Battlefield Fight League, based out of Vancouver, is the premier mixed martial arts organization in the city, and works beneath the UFC as a potential talent pool for upcoming fighters.

“When the UFC’s looking for fighters they’ll look to Battlefield,” Mangat said. “Me being the number one guy at 145 pounds will definitely help my chances of getting to the UFC, along with my marketability.”

Mangat said his ultimate goal is to make the UFC’s Ultimate Fighter TV show by this summer.

“And if not, my goal is to be the first Sikh to make it to the UFC,” he said. “There are no Sikh fighters at the world-class level. That was the thing that I took day by day and kept training keeping that goal in mind.”

In preparation for his five-round fight with Deleurme, Mangat trained four to five hours a day and six days a week for three months.

“I was training with the best guys in everything,” he said. “For wrestling I was in Vancouver with Frank Mesnah (Commonwealth champion), K1 Kickboxing champion Kultar Gill out of Abbotsford, Bibian Fernandes (former World Champion and training partner) and Blake Fredrickson — he’s my main MMA guy who put my game plan together.”

Mangat’s nickname, Saint Lion, also speaks volumes about his character.

“I was at a west coast Sikh youth camp about four years ago in Kelowna and when I arrived there I was still stuck in that mindset of being a follower,” he said.

“My self esteem wasn’t very high — mentally I wasn’t very strong.

“I met these martial artists from the United Kingdom and they started saying how I conducted myself around them was kind of a real nice guy, a saint kind of guy.

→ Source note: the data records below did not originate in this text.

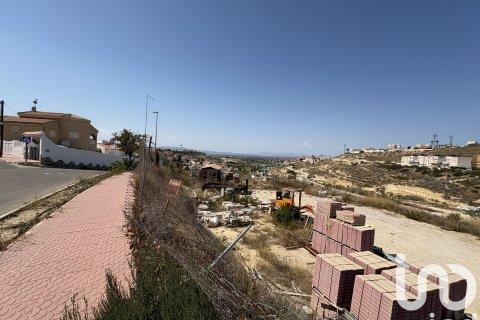 Terreno in vendita a Rojales, Alicante, Spagna 10517 mq. N° 153067 - foto 17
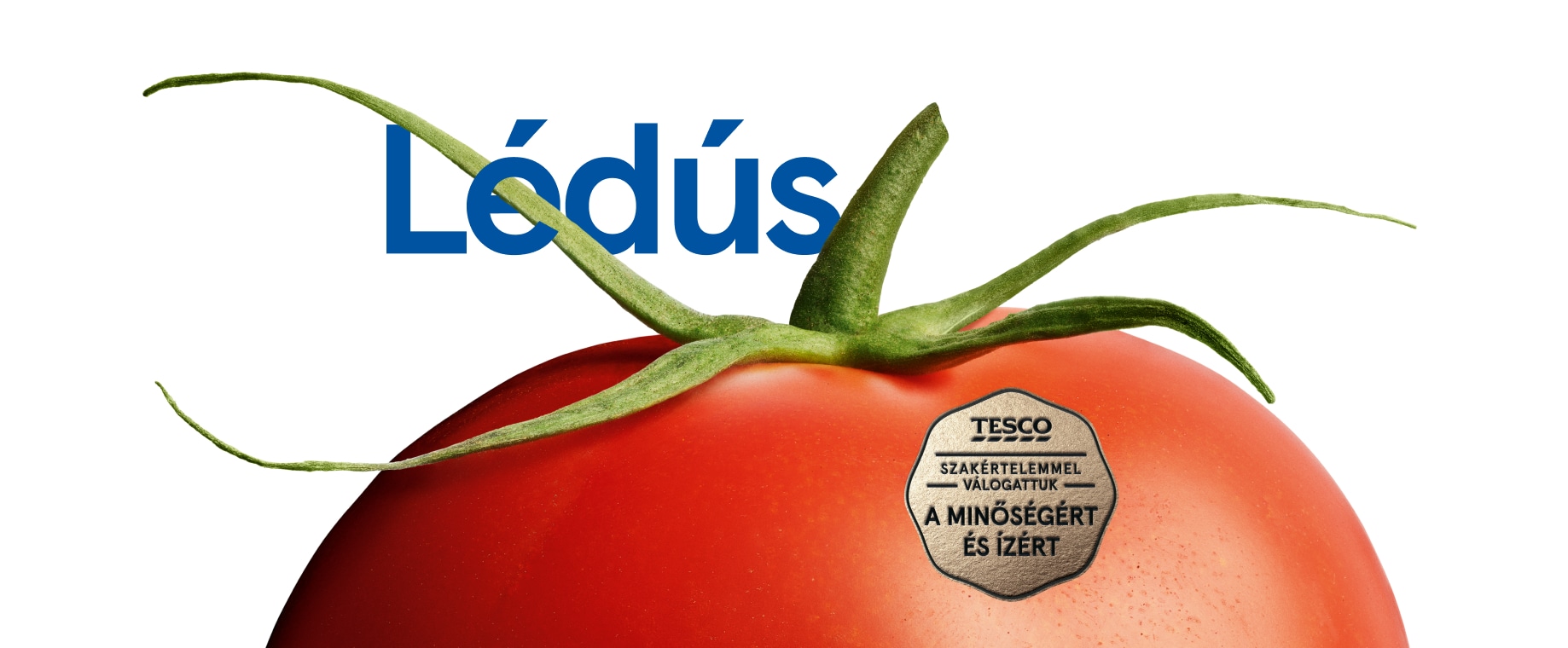 Kiváló alapanyagok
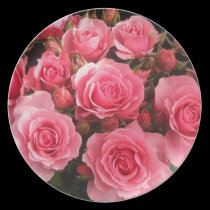 Dinning plantes. plates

Later on we did some martial arts and they were like, ‘Wow, you turned into a lion and took out the whole competition.’ When I came back after that camp is when I discovered MMA and all the time it stuck.”

Everything he’s been through, he said, has made him a better person.

“I just want to show what kind of inspiration MMA can be,” he said. “There’s a lot of discipline behind it and it’s made me a better person.

“I’m much nicer and more a complete person and that’s all through the journey while still remembering where I cam from in Williams Lake.”